But the breakthrough finally came last summer, sources say, when the NSC began reworking the White House's National Strategy for Combating Terrorism....Aimed at strengthening the hand of moderates, the plan acknowledges that America has done poorly in reaching out to them. But it goes one big step further, stating that the United States and its allies have a national security interest not only in what happens in the Islamic world but within Islam itself, according to three sources who have seen the document. It further states that because America is limited to what it can do in a religious struggle, the nation must rely on partners who share values like democracy, women's rights, and tolerance. Among those partners: allied Muslim states, private foundations, and nonprofit groups.

Another strategy being pursued is to make peace with radical Muslim figures who eschew violence. At the top of the list: the Muslim Brotherhood, the pre-eminent Islamist society, founded in 1928 and now with tens of thousands of followers worldwide. Many brotherhood members, particularly in Egypt and Jordan, are at serious odds with al Qaeda. "I can guarantee that if you go to some of the unlikely points of contact in the Islamic world, you will find greater reception than you thought," says Milt Bearden, whose 30-year CIA career included long service in Muslim societies. "The Muslim Brotherhood is probably more a part of the solution than it is a part of the problem." Indeed, sources say U.S. intelligence officers have been meeting not only with the Muslim Brotherhood but also with members of the Deobandi sect in Pakistan, whose fundamentalism schooled the Taliban and inspired an army of al Qaeda followers. Cooperative clerics have helped tamp down fatwas calling for anti-American jihad and persuaded jailed militants to renounce violence. These sensitive ties have led to at least one breakthrough--the July arrest in Pakistan of al Qaeda's Muhammad Naeem Noor Khan, whose computer held surveillance files of the New York Stock Exchange, the World Bank, and other financial targets. Khan's capture led to a dozen arrests in London. "Engagement," says one official, "is absolutely key."
The article also recounts two of the main reasons that I opposed the Iraq invasion, and why I believe it was a setback in the diplomatic effort to win Muslim hearts and minds.

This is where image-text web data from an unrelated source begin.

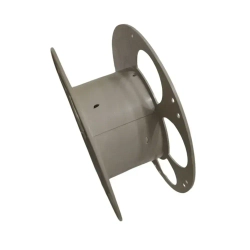 Катушка для удлинителя, гирлянды, проводов, шланга, лески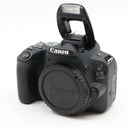 Canon EOS 200D body used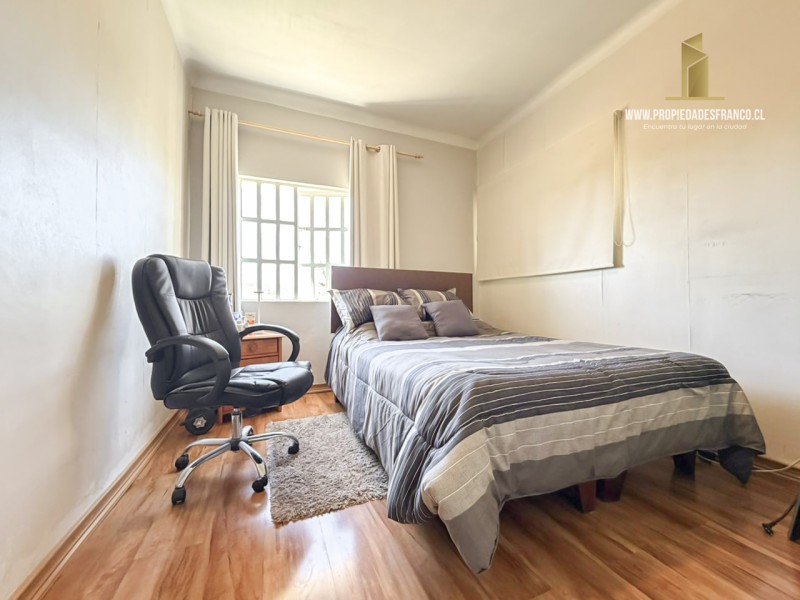 Casa Solida Con Gran Terreno A 3 Cuadras del Centro Quilpue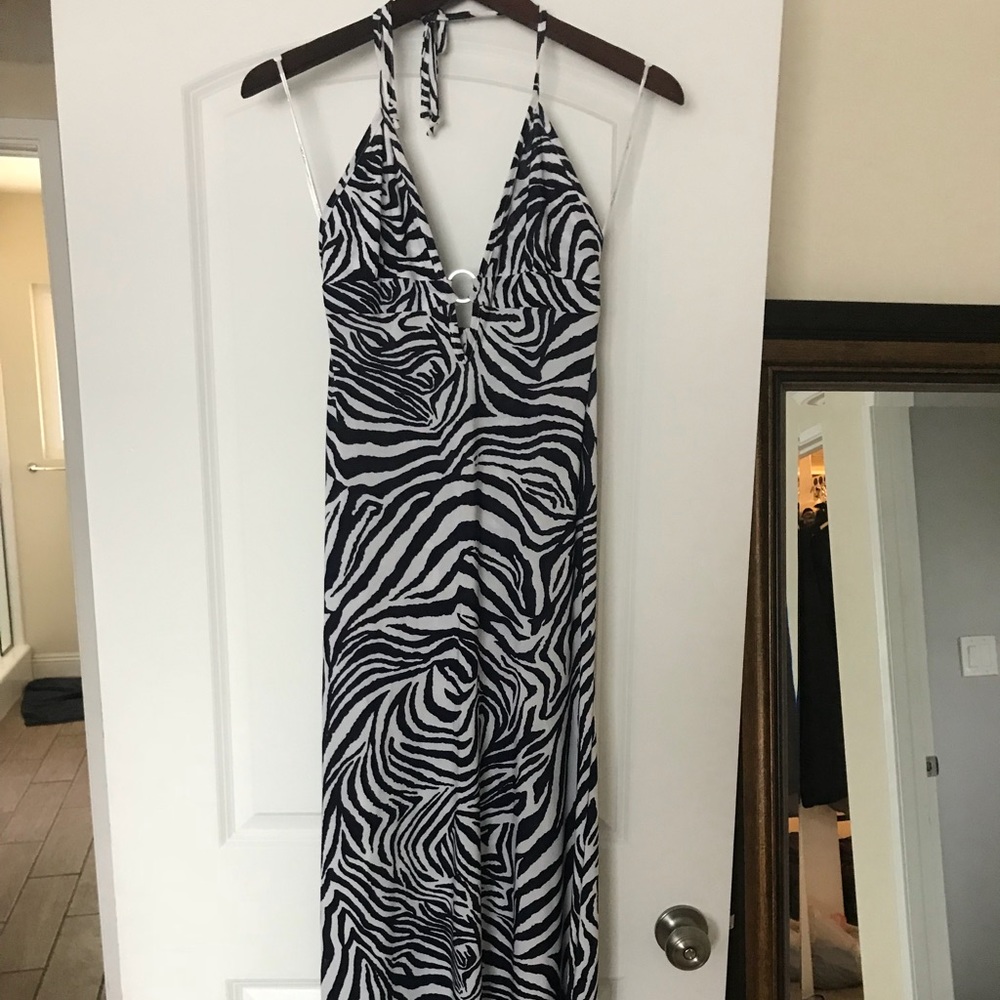 Summer dress, resort wear, beach cover up.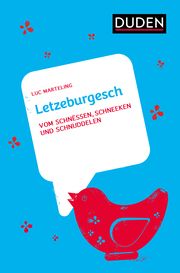 Lëtzebuergesch Mersch, Sam (Dr.)/Entringer, Nathalie (Dr.) 9783411756636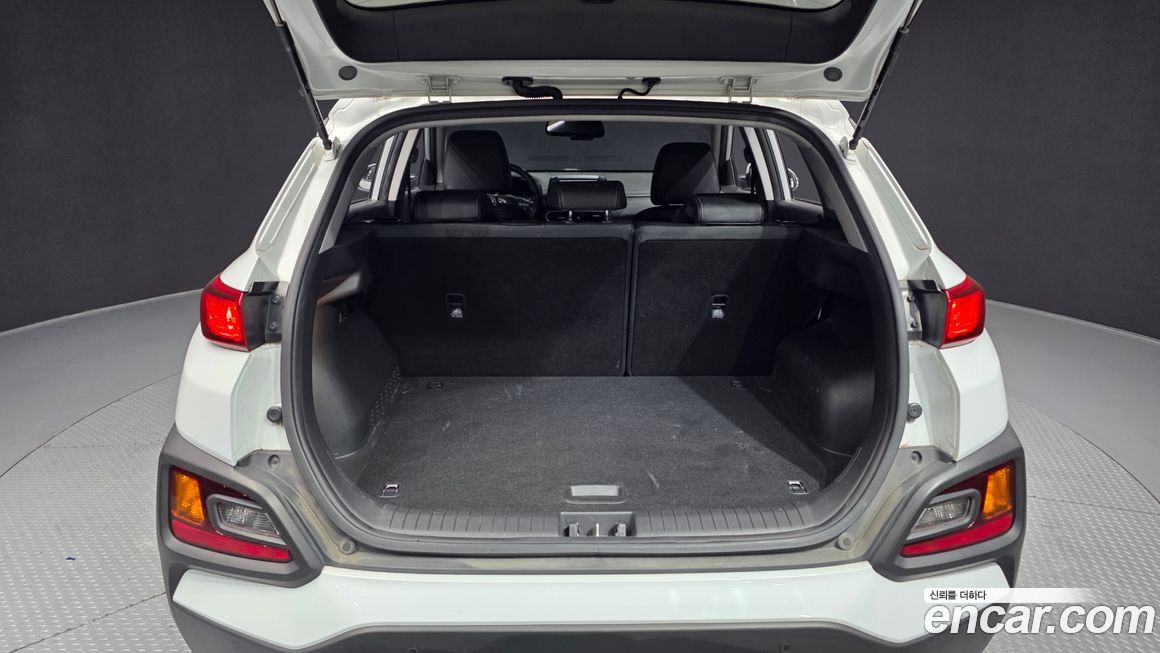 Hyundai Kona 2018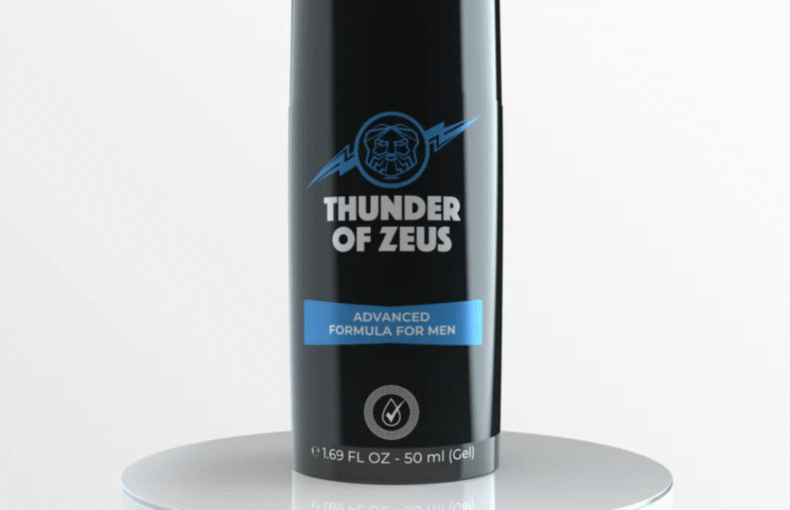 original thunder of zeus gel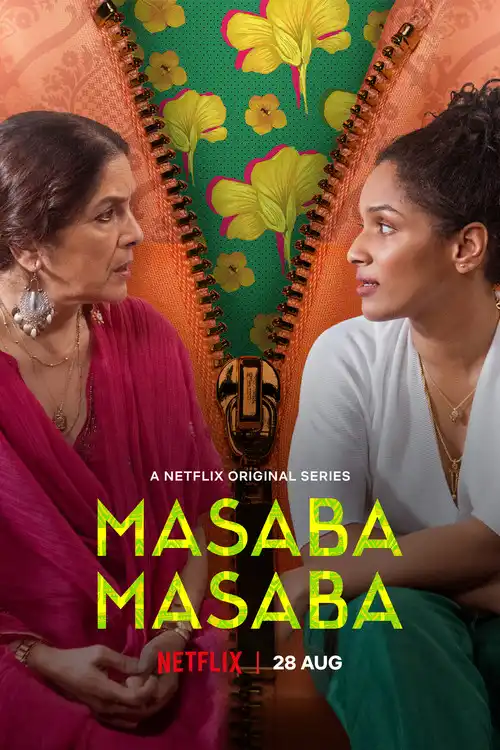 Download Masaba Masaba Season 2 (2022) Hindi Netflix Complete Web Series 480p | 720p WEB DL
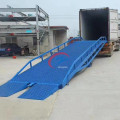 Hochwertiger mobiler Dock -Leveler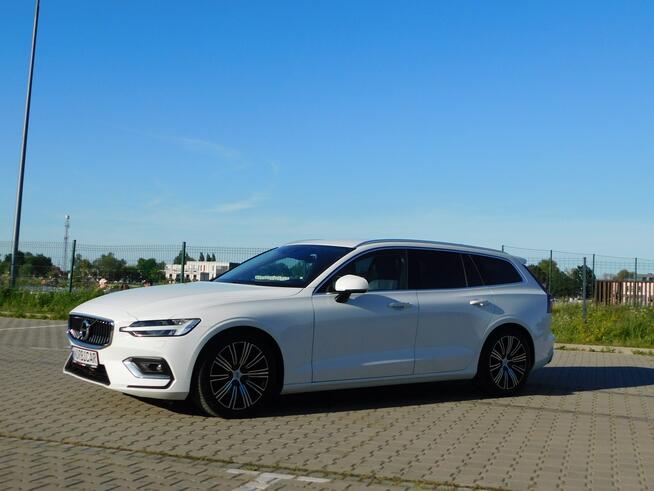 Volvo V60 2.0D4 190KM z Gwarancją Skóra Fotele Sporty Podgrzewane Żyrardów - zdjęcie 2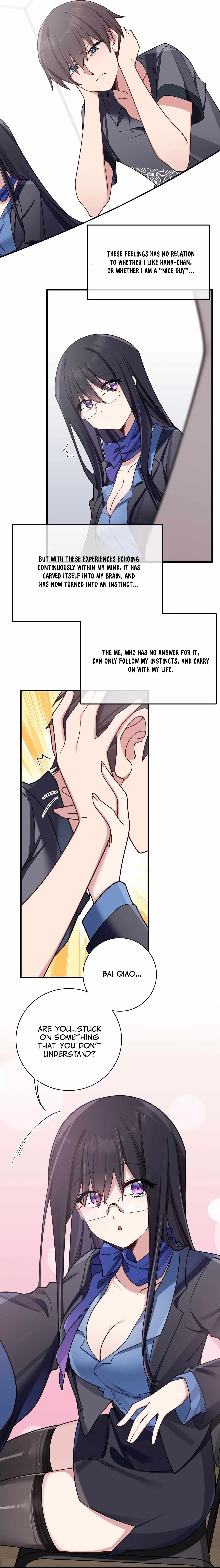 My Fake Girlfriends Are Using Me as a Shield Chapter 95 page 15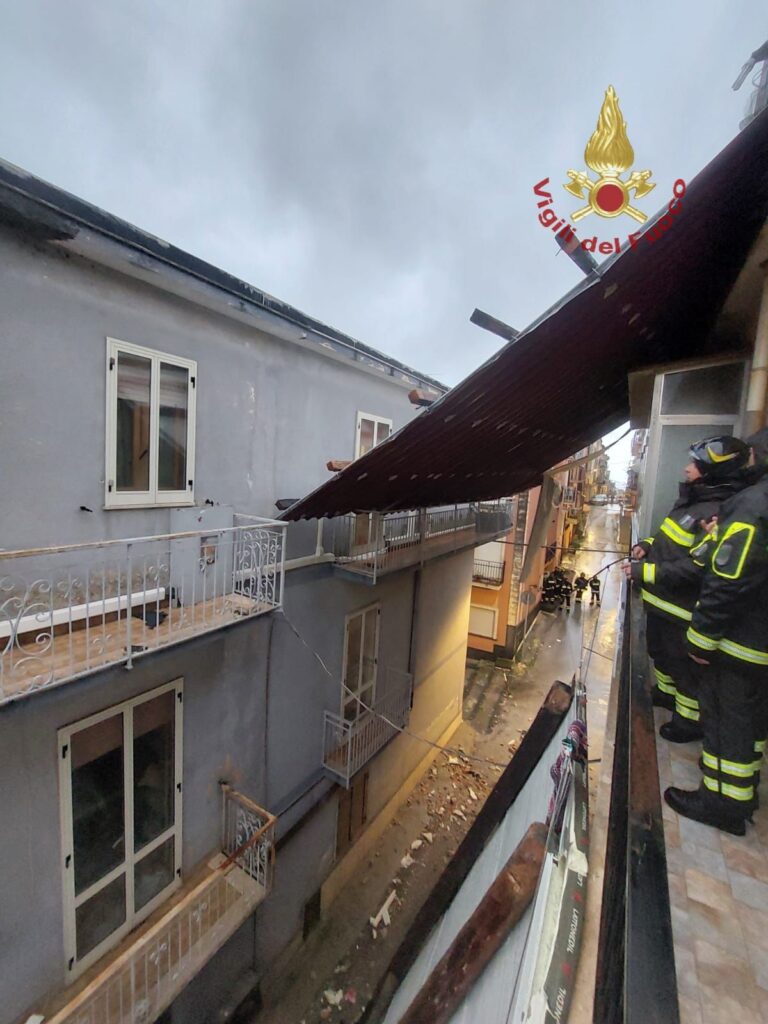 maltempo sortino sicilia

On the one hand, it leant credence to the radical propaganda that the US is an imperial force in the Middle East and in the Muslim world in general, while at the same time, it drained the resources, brainpower, and assets needed to combat these virulent misconceptions, most of which predated the Iraq invasion itself.

First, a recounting of how much harder the invasion of Iraq has made our already daunting task of rehabilitating our image in the Muslim world:

To millions of Muslims, Washington's toppling of Saddam seemed to confirm the imperialist caricature painted by its worst enemies: an America that invades and occupies an oil-rich Arab nation, thumbs its nose at the world, supports Israel at the expense of the Palestinians, calls for democracy but relies on strongmen from Egypt to Pakistan. "The U.S. could have the prophet Muhammad doing public relations, and it wouldn't help," argued Osama Siblani, publisher of the weekly Arab American News in Dearborn, Mich. "I don't believe that people hate movie stars and Burger King. They hate what the U.S. is doing to their lives"....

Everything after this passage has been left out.